1. We load the dataset and separate the target variable from the features.
2. We split the data into training and testing sets.
3. We define a feature selection model using a Random Forest Classifier to identify important features.
4. We create separate pipelines for numerical and categorical data. The pipelines handle missing values by imputing with the        mean for numerical columns and the most frequent value for categorical columns. Numerical columns are also standardized.
5. We combine the numerical and categorical pipelines using a ColumnTransformer.
6. We create the final pipeline, including feature selection and a Random Forest Classifier.
7. We fit the pipeline on the training data and make predictions on the test data.
8. We evaluate the model's accuracy on the test data.

#### Possible Improvements:

1. Hyperparameter tuning for the Random Forest Classifier to optimize model performance.
2. Cross-validation to get a more robust estimate of model performance.
3. Explore different feature selection methods or consider using feature importance scores from the Random Forest.
4. Further investigate the dataset to ensure appropriate handling of missing values and feature encoding.
5. Consider additional preprocessing steps or feature engineering techniques based on domain knowledge.

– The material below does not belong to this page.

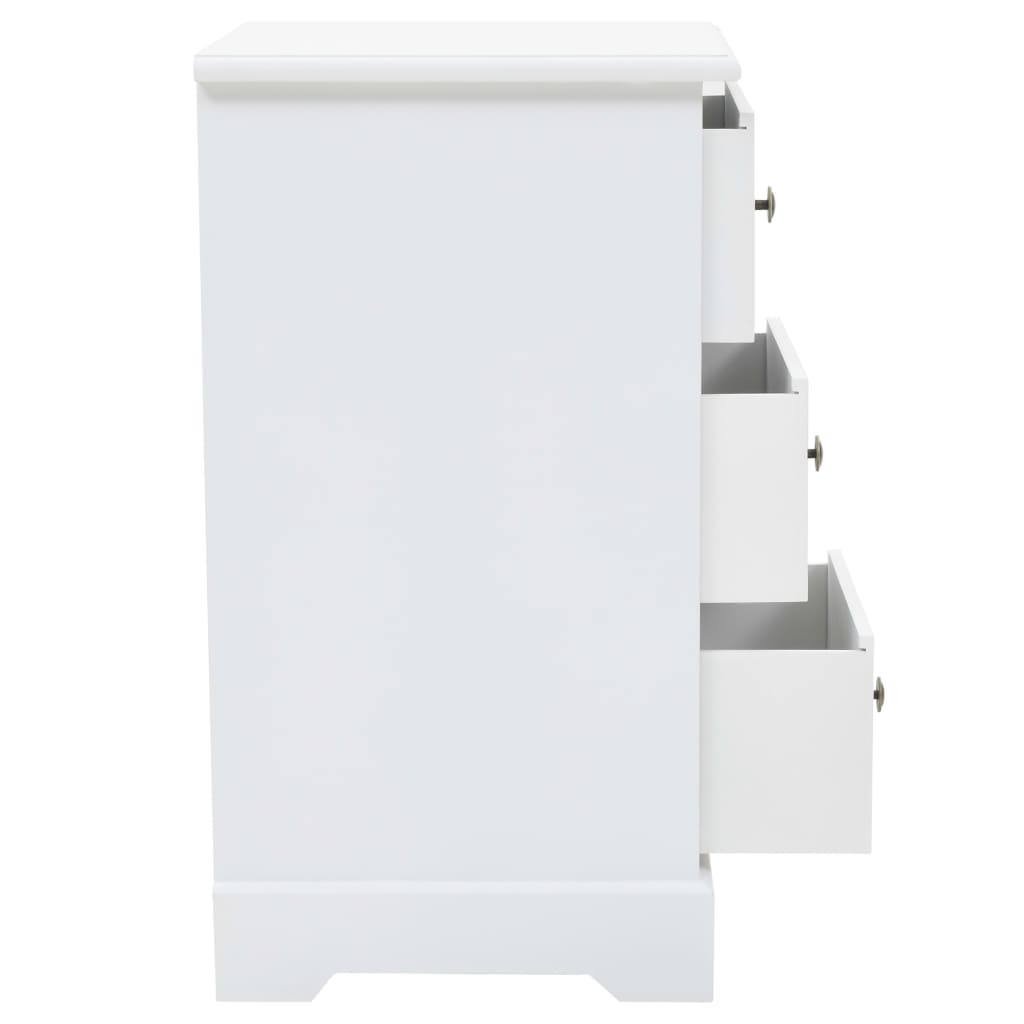 Noční Stolek Z Mdf A Borového Dřeva 35 X 32 X 59 Cm Černá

This pipeline automates many of the common preprocessing and modeling steps, making it easier to experiment and iterate on your machine learning 
project.

### Q2. Build a pipeline that includes a random forest classifier and a logistic regression classifier, and then use a voting classifier to combine their predictions. Train the pipeline on the iris dataset and evaluate its accuracy.

In [1]:
import numpy as np
from sklearn.datasets import load_iris
from sklearn.ensemble import RandomForestClassifier, VotingClassifier
from sklearn.linear_model import LogisticRegression
from sklearn.metrics import accuracy_score
from sklearn.model_selection import train_test_split
from sklearn.pipeline import Pipeline
from sklearn.preprocessing import StandardScaler

# Load the Iris dataset
data = load_iris()
X = data.data
y = data.target

# Split the data into training and testing sets
X_train, X_test, y_train, y_test = train_test_split(X, y, test_size=0.2, random_state=42)

# Create individual classifiers (Random Forest and Logistic Regression)
rf_classifier = RandomForestClassifier(n_estimators=100, random_state=42)
lr_classifier = LogisticRegression(solver='liblinear', random_state=42)

# Create a list of classifiers for the Voting Classifier
classifiers = [('Random Forest', rf_classifier), ('Logistic Regression', lr_classifier)]

# Create a Voting Classifier using 'hard' voting (majority vote)
voting_classifier = VotingClassifier(estimators=classifiers, voting='hard')

# Create a pipeline with standardization and the Voting Classifier
pipeline = Pipeline([
    ('scaler', StandardScaler()),  # Standardize features
    ('voting_classifier', voting_classifier)
])

# Fit the pipeline on the training data
pipeline.fit(X_train, y_train)

# Predict on the test data
y_pred = pipeline.predict(X_test)

# Evaluate the accuracy of the model
accuracy = accuracy_score(y_test, y_pred)
print(f'Accuracy: {accuracy:.2f}')


Accuracy: 1.00


#### Explanation of Steps:

1. We load the Iris dataset, which is a commonly used dataset for classification.
2. We split the dataset into training and testing sets.
3. We create individual classifiers, namely a Random Forest Classifier and a Logistic Regression Classifier.
4. We define a list of classifiers to be used in the Voting Classifier.
5. We create a Voting Classifier using "hard" voting, which means it predicts the class label by majority vote.
6. We create a pipeline that includes standardization (scaling features) and the Voting Classifier.
7. We fit the pipeline on the training data.
8. We predict on the test data using the pipeline.
9. We evaluate the accuracy of the model using scikit-learn's accuracy_score function.

The Voting Classifier combines the predictions of the individual classifiers (Random Forest and Logistic Regression) and makes a final prediction based on majority voting. This ensemble approach can improve predictive performance by leveraging the strengths of multiple classifiers.